Figure 1 Illustration of preset bovine pericardium wrapping technique. (A,B) The pericardium was cut and sutured; (C) the lateral bovine pericardium strip lining of the aortic root reinforced by the “sandwich” method was carefully reversed to envelop the proximal posterior wall of the aorta prior to commencing the necessary suturing for the replacement of the ascending aortic prosthesis; (D) incomplete shearing of the posterior wall of the distal autogenous aorta, and it was wrapped and connected through the anastomosis of the stent and the artificial vessel. while anterior wall of the distal aorta was wrapped in the same way as that of the proximal aorta by turning over the pericardial strip; (E) the anterior preset pericardium was skillfully sutured together with the patient’s own aortic tissue.
Figure 2 Image after intraoperative wrapping. (A) Preoperative aortic dissection lesions; (B) bovine pericardium preset wrapping of the graft; (C) wrapping hemostasis was completed.
Figure 3 Method of wrapping the lumen to the superior vena cava shunt. The arrow shows the vessel used for shunting. (A) The shunt prosthesis was sutured to the pericardium in advance; (B) the intraoperative superior vena cava shunt was completed.

Conservative strategies and observation indicators

The medical treatment strategy for coagulation disorders was based on the 2017 American Guidelines for the Management of Blood in Adult Patients undergoing Cardiac Surgery (EACTS/EACTA). Additionally, the specific medical treatment strategy was formulated according to the circumstances of our center (12,13).

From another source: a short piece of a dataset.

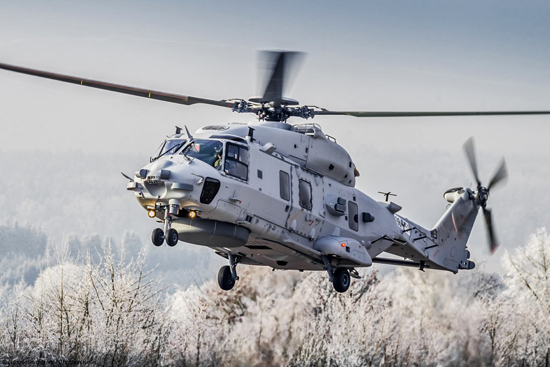 Primo volo dell’elicottero navale multi-ruolo NH90 “Sea Lion” per la German Navy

The following methods were implemented:

  • Platelet and desmopressin infusions were administered to patients on aspirin and DAPT, as well as patients with decreased platelet count and function.
  • Consideration was given to appropriate infusions of prothrombin complex concentrate (PCC) and fresh frozen plasma (FFP) for patients with elevated international normalized ratio (INR) due to warfarin anticoagulation;
  • Patients with fibrinogen less than 1.5 g/L should consider fibrinogen product infusion;
  • Recombinant activated factor VII (rFVIIa) was considered for non-surgical bleeding that was difficult to correct;
  • Tranexamic acid drugs were selected as anti-fibrinolytic agents;
  • When conditions allowed, efforts were made to maintain normal core temperature and internal environment during the operation to prevent coagulation dysfunction resulting from low temperature and internal environment disruption.
  • For all procedures, we routinely employed two human fibrin adhesive adhesives, an absorbable hemostatic collagen sponge, and a Johnson Ethicon hemostatic gauze to assist with hemostasis.

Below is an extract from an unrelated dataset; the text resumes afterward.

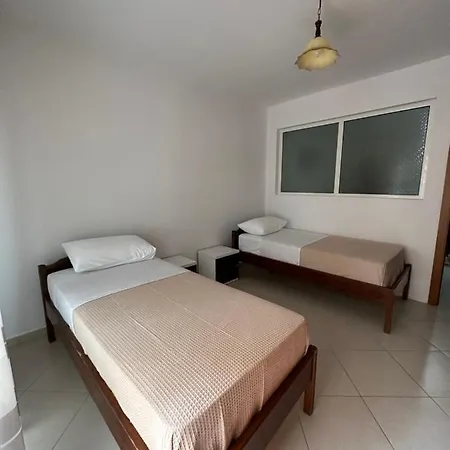 Cozy Twobedroom Apt. Beachfront شقة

The following indicators were observed:

  • Demographic information such as age, gender, time of onset, number of cases of hypertension, BMI index, number of cases of abnormal liver function, number of cases with preoperative anticoagulation and antiplatelet therapy, and coagulation indexes in both groups prior to the operation;
  • Surgical conditions in both groups, including surgical methods, operation time, CPB duration, and cardiac arrest duration;
  • The amount of packed red blood cells (PRBC), FFP, platelets, PCC, and rFVIIa used during and immediately after the operation, as well as the volume of drainage within 24 hours after the operation in both groups;
  • Early postoperative conditions, including the duration of intensive care unit (ICU) stay, mechanical ventilation time, number of re-thoracotomies, bedside hemofiltration, incidences of mediastinal infection, neurologic dysfunction, and in-hospital mortality (including automatic discharge).

Postoperative follow-up

The patients were primarily followed up through telephone consultations or outpatient clinic visits. Thoracoabdominal CTA and ultrasonic cardiogram were repeated 3–6 months after the operation to assess surgical efficacy, distal dissection remodeling, and progress.

Statistical methods

Continuous data were presented as mean (standard deviation) or median (interquartile range) depending on the distribution’s normality, while categorical data were reported as counts and percentages. We compared the baseline characteristics, preoperative, intraoperative, perioperative, and postoperative recovery-related clinical data between the preset pericardium and control groups using the Chi-squared test for categorical variables, independent t-tests for parametric continuous variables, and Mann-Whitney tests for nonparametric continuous variables. All statistical tests were two-tailed, and a significance level of P<0.05 was applied. Data management and statistical analyses were performed using IBM SPSS Statistics version 22.2.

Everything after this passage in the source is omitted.